A l’heure où un chef comme Simon Rattle semble, dans sa direction du Ring, prendre la suite de la vision “chambriste” de Karajan, dans quelle perspective vous placez-vous ? Considérez-vous le Ring comme une immense fresque mythologique ou comme un drame humain ?

J’ai beaucoup écouté d’enregistrements, notamment ceux réalisés à Bayreuth. Cependant, il ne s’agit pas d’imiter (ce n’est d’ailleurs pas possible) mais de s’adapter aux conditions réunies par le théâtre : il s’agit de créer un nouveau spectacle.
Aujourd’hui, nous parlons uniquement de Rheingold, une partition très transparente, avec un réseau serré de leitmotivs.

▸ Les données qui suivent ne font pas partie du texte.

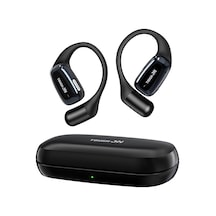 Açık Kulak Kulaklıkları - Kulaklıklı Bluetooth 5.4 Kablosuz Kulaklıklar, Hafif Ve Yumuşak Spor Kulaklıklar, 32h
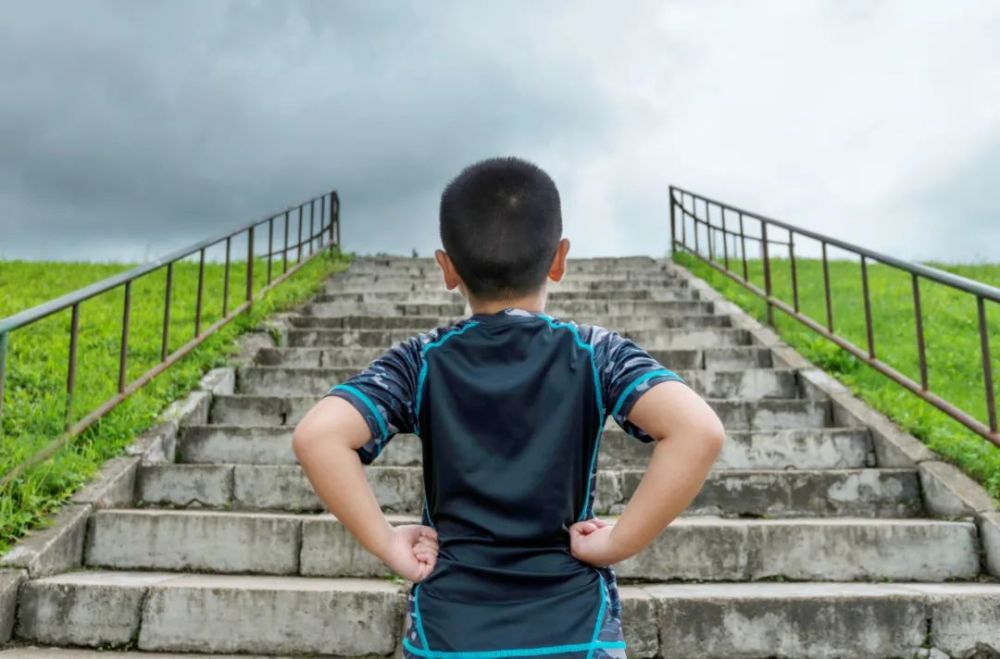 孩子|揭秘“神童热”：别让孩子沦为“定制的天才”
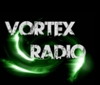 Vortex Radio
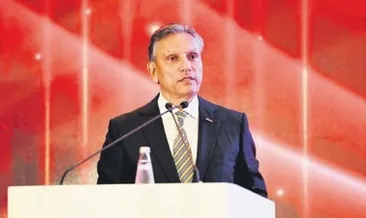 Deprem bölgesinde acentalara kolaylık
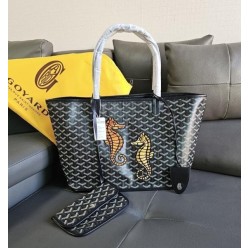 고** 앙주 pm 해마 엠브로더이드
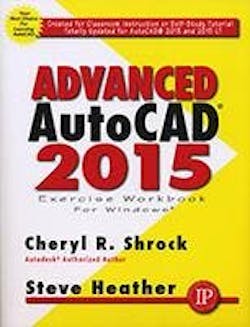 666725d994f10f000836fc31 830 350 666725d994f10f000836fc31 830 350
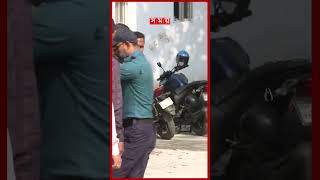 সাবেক ৮ পুলিশ কর্মকর্তাকে ট্রাইব্যুনালে হাজির #formerpolice #crimestribunal #dhakanews #somoytv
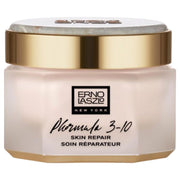 Erno Laszlo PHORMULA 3-10 SKIN REPAIR 50 ml
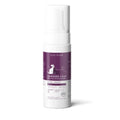 Kin+Kind Lavender Calm Waterless Foaming Dog Shampoo — Hypoallergenic & Tearless (8 oz)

Il s’agit donc moins d’un opéra qu’une présentation de tout ce qui est à venir, et chaque volet à venir sera propre, aura ses couleurs propres et sera incomparable.

Comment se passe votre collaboration avec David Mc Vicar, le metteur en scène du Ring strasbourgeois ? Vos visions coïncident-elles ou l’un d’entre vous a-t-il dû convaincre l’autre sur l’une ou l’autre de ses idées ?

Nous sommes partis d’une chose très claire : l’importance du texte, tout doit venir de la parole. Il faut absolument comprendre de ce que disent les chanteurs, spécialement pour Rheingold. Mc Vicar place ainsi les chanteurs de telle manière à ce qu’ils soient le plus à même d’être compréhensibles par le public (au centre de la scène par exemple, et non au fond). Là encore, nous ne faisons que respecter les vœux de Wagner qui donnait une grande importance au texte et à l’articulation de celui-ci. Il s’agit d’un drame, et il faut que le public puisse en comprendre les ressorts au mieux, que ce soit au niveau musical ou au niveau scénique.